Le Premier secrétaire du Parti
socialiste, Harlem Désir réagit également et affirme que "Leonarda doit
pouvoir revenir dans sa classe ".
Dans la foulée, le Parti de gauche continue son offensive
contre le ministre de l'Intérieur. La formation de Jean-Luc Mélenchon "exige
la démission " de Manuel Valls, "ministre indigne de la
République ". Le PCF évoque une "abomination". De son côté, le
Défenseur des droits, Dominique Baudis, lance une enquête sur les conditions de
l'expulsion.
Devant cette levée de boucliers, François Hollande décide
d'intervenir.
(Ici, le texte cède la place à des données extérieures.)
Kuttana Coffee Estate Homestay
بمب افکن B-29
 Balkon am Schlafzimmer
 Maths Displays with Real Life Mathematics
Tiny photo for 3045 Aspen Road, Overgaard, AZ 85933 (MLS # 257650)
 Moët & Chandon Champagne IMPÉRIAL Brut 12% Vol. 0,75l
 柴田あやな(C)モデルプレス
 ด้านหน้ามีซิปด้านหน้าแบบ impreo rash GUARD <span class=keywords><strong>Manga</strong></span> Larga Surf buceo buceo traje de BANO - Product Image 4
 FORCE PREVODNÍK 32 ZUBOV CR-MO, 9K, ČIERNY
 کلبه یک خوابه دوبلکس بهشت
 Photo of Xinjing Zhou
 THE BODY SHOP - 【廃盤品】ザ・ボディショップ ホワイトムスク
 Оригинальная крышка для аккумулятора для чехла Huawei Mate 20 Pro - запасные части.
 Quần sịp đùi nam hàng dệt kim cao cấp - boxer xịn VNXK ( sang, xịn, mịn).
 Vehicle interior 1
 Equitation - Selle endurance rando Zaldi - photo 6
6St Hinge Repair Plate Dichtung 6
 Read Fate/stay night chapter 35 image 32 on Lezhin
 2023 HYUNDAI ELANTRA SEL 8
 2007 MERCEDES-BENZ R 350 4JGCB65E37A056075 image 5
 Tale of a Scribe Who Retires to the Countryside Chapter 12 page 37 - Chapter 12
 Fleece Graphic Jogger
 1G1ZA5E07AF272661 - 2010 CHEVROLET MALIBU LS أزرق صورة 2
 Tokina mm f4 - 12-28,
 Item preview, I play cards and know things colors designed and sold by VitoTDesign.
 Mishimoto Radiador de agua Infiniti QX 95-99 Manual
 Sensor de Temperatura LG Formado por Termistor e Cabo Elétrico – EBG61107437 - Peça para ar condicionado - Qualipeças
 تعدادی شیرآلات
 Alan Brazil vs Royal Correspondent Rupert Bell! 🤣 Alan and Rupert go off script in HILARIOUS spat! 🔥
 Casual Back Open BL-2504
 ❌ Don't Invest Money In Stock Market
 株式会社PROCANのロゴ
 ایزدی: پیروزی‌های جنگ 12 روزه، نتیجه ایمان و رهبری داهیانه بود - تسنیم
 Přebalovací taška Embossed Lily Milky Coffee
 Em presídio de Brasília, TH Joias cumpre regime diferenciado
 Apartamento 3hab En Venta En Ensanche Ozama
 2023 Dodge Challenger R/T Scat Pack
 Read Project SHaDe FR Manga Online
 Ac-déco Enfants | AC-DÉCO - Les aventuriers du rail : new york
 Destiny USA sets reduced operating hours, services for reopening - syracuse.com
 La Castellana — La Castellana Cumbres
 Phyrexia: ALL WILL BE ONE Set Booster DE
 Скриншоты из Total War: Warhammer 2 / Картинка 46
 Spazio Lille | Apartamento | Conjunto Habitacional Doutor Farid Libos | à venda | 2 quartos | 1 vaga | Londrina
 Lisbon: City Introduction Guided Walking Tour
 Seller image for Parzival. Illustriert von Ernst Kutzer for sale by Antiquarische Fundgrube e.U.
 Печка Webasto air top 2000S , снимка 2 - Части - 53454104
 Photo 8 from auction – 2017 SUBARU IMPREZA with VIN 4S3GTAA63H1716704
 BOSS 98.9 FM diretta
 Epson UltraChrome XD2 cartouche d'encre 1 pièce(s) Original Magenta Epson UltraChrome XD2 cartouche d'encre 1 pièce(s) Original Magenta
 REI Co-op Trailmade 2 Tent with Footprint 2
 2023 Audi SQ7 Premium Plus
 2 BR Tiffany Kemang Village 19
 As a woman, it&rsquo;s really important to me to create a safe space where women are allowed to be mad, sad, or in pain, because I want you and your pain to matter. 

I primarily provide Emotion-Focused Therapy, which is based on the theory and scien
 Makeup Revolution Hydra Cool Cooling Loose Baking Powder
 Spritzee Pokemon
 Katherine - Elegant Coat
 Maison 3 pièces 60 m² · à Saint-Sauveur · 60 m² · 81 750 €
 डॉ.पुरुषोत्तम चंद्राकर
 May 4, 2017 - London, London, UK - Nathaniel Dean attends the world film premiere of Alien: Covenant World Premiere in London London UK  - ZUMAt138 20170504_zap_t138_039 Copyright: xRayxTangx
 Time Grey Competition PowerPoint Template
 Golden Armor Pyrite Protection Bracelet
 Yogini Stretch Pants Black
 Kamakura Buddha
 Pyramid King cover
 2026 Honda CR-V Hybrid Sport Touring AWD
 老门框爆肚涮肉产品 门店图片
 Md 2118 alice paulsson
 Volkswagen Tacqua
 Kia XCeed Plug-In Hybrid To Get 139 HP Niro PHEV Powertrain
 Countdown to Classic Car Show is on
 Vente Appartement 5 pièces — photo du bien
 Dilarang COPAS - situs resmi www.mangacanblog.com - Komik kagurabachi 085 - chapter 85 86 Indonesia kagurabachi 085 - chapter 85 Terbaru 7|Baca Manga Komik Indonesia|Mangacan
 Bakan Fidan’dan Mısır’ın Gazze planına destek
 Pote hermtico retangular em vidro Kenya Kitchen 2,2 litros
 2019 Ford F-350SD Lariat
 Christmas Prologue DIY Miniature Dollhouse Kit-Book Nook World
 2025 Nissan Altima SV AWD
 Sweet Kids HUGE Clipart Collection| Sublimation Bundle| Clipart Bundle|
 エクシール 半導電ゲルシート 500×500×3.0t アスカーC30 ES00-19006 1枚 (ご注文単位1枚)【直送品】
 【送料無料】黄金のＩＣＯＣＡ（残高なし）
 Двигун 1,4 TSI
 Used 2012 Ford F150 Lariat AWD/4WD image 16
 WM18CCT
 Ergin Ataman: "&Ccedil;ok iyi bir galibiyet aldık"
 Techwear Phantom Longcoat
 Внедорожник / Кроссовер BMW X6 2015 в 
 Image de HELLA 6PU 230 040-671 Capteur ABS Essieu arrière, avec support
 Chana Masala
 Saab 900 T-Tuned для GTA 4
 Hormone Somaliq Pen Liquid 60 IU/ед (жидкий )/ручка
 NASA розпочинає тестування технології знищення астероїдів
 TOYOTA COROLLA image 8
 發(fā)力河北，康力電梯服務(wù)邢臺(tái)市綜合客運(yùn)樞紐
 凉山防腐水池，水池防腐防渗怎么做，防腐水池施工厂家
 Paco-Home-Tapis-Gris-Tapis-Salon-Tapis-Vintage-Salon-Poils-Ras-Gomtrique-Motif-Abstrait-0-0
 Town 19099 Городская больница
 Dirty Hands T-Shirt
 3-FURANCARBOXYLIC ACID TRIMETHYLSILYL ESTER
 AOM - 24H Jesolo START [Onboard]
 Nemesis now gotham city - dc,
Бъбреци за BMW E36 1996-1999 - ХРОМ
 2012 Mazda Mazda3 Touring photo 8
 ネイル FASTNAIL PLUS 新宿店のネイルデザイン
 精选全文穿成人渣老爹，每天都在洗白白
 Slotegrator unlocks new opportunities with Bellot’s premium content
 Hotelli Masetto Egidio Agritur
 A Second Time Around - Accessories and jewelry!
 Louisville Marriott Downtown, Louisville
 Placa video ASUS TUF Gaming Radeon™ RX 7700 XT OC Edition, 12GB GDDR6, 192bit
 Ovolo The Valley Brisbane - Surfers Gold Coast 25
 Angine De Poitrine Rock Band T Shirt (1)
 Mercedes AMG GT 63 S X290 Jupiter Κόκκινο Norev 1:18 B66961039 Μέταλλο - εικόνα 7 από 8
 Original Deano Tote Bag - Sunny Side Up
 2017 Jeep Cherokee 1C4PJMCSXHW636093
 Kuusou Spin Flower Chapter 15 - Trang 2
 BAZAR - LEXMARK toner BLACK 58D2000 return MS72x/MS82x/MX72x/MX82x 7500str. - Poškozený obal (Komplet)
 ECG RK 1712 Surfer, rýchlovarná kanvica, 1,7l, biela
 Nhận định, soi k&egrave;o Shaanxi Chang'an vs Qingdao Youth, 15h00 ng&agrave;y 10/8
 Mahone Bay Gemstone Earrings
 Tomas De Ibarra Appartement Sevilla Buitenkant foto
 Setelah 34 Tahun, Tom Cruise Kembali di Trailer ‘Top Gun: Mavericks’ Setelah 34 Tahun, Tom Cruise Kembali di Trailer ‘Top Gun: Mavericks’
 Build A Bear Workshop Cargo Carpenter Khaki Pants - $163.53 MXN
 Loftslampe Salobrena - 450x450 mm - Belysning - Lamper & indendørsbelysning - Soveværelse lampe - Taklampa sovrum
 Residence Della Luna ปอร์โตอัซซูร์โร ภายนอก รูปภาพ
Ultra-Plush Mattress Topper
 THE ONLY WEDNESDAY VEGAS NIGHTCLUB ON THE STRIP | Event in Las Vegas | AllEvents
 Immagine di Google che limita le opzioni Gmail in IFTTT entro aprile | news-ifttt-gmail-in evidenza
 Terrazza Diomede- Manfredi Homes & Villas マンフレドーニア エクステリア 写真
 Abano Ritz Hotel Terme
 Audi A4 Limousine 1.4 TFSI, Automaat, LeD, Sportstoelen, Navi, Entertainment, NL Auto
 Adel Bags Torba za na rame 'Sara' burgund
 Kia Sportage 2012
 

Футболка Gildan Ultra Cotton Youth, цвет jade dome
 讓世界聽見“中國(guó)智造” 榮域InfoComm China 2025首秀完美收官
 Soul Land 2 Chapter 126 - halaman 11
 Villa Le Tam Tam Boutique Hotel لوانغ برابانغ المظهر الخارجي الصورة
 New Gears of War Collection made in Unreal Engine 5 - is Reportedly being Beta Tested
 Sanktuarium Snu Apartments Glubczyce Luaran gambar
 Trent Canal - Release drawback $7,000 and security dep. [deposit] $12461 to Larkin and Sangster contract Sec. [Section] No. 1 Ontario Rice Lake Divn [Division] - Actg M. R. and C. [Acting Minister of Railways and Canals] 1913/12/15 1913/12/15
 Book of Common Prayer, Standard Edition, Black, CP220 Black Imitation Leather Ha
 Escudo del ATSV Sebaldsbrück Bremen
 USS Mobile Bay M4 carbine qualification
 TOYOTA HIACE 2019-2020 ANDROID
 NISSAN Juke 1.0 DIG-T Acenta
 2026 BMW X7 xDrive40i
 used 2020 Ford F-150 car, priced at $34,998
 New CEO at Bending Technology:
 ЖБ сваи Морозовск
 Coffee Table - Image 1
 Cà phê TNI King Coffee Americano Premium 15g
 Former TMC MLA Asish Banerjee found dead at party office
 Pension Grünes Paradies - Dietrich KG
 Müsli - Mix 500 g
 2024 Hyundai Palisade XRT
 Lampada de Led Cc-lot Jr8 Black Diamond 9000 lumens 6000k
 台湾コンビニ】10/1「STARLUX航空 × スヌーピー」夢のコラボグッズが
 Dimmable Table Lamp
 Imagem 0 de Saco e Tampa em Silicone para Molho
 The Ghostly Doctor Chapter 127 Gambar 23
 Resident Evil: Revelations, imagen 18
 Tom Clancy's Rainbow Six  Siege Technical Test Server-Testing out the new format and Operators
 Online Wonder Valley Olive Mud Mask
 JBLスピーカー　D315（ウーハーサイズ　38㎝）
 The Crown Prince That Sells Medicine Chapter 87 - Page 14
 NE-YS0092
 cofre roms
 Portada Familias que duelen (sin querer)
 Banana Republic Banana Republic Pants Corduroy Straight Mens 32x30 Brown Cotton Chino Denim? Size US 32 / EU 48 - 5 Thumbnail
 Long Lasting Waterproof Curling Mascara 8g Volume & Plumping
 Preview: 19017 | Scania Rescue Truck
Via la porte-parole du gouvernement, le chef de l'Etat dit qu'il
"faut y voir plus clair avant de commenter les faits ".
Acte 7. Le cas Leonarda à l'Assemblée nationale
Les appels au calme ne semblent pas fonctionner alors que
débute les questions au gouvernement à l'Assemblée nationale. Les députés EELV
condamnent "fermement les explications données par le ministère de
l'Intérieur " et réclament des responsables au sein de la préfecture du Doubs.
Des élus socialistes prennent également la parole pour évoquer "des relents
de sakozysme ". Les chevènementistes soutiennent Valls esitmant que
"le ministre de l'Intérieur n'a pas commis de faute dans cette
affaire ". De son côté, Ségolène Royal appelle également la majorité
"à se calmer".
Devant l'Assemblée nationale, Jean-Marc Ayrault prend alors
la parole pour reconnaître "qu'hier et aujourd'hui, une émotion
particulière s'est exprimée concernant une jeune fille (...) Une émotion que j'ai
entendue, je la comprends". Le Premier ministre assure que "s'il y a
eu faute, l'arrêté de conduite à la frontière sera annulé ".
Acte 8. Du cas Leonarda à la politique Leonarda ?
Pour plusieurs responsables politiques, l'arrestation et
l'expulsion de la famille kosovare est l'occasion de parler plus largement de
politique de l'immigration. Le communiste Pierre Laurent réclame à France Hollande
"un engagement solennel et immédiat de stopper toute expulsion de jeunes
étrangers scolarisés ".
De son côté, Jean-François Copé en profite pour accuser le gouvernement de "laxisme".